• WHAT TO PRODUCE:
Print the data exactly. Omit the pictures.

• SOURCE MATERIAL:
■ ■ ■ ■ ■

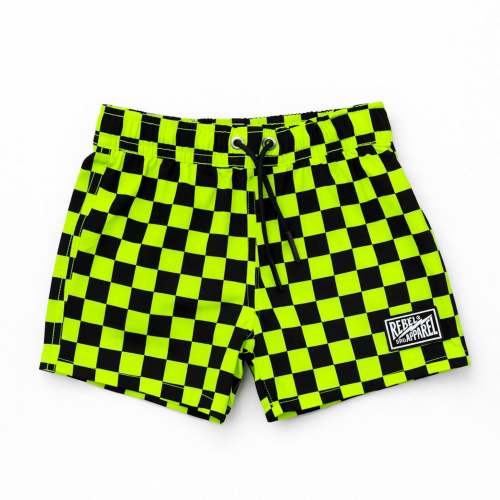 Hybrid Swim Trunks in Neon Electric Lime + Black Checkered || PREORDER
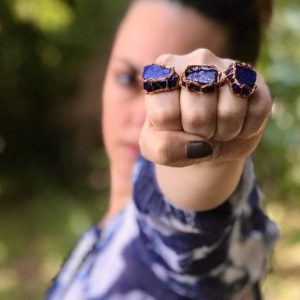 Copper Wire Woven Lapis Ring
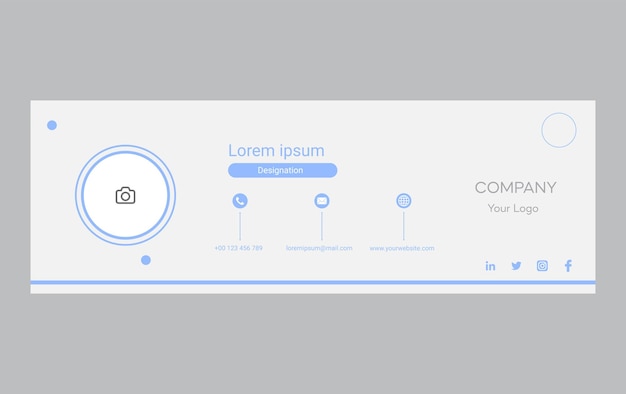 Бесплатный векторный шаблон подписи электронной почты или нижний колонтитул электронной почты и личный дизайн обложки в социальных сетях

■ ■ ■ ■ ■

• YOUR RESPONSE:
 Hybrid Swim Trunks in Neon Electric Lime + Black Checkered || PREORDER
 Copper Wire Woven Lapis Ring
 Бесплатный векторный шаблон подписи электронной почты или нижний колонтитул электронной почты и личный дизайн обложки в социальных сетях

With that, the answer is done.